The process begins when an engine is started for a world. This action schedules a background task, runStep, to begin executing. This task runs in a loop for a short duration, advancing the game state tick by tick. Before it finishes, it schedules itself to run again immediately, creating a continuous, self-perpetuating cycle that keeps the simulation running. This loop can be gracefully stopped or forcibly restarted (“kicked”) through dedicated functions.

3. Code Deep Dive

createEngine(ctx)

This function initializes a new simulation engine. It records the current time (now) and inserts a new entry into the engines database table. This new entry is configured with the currentTime set to now, a generationNumber of 0 (indicating it’s the first version), and a running status set to true. It then returns the ID of this newly created engine record.

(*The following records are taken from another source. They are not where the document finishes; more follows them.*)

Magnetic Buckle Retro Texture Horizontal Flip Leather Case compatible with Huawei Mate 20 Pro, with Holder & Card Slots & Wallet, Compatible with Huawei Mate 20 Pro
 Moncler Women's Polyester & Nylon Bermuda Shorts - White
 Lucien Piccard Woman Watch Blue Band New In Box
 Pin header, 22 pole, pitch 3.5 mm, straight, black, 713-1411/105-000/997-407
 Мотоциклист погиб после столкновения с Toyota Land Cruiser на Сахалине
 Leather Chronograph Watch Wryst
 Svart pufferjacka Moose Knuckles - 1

export async function createEngine(ctx: MutationCtx) {
  const now = Date.now();
  const engineId = await ctx.db.insert('engines', {
    currentTime: now,
    generationNumber: 0,
    running: true,
  });
  return engineId;
}

loadWorldStatus(db, worldId)

This is a helper function designed to find the connection between a world and its engine. It queries the worldStatus table using a specific index (worldId) to efficiently find the unique record associated with the given worldId. If no such record exists, it throws an error, as every world should have a corresponding status record. If found, it returns the worldStatus object, which contains the engineId.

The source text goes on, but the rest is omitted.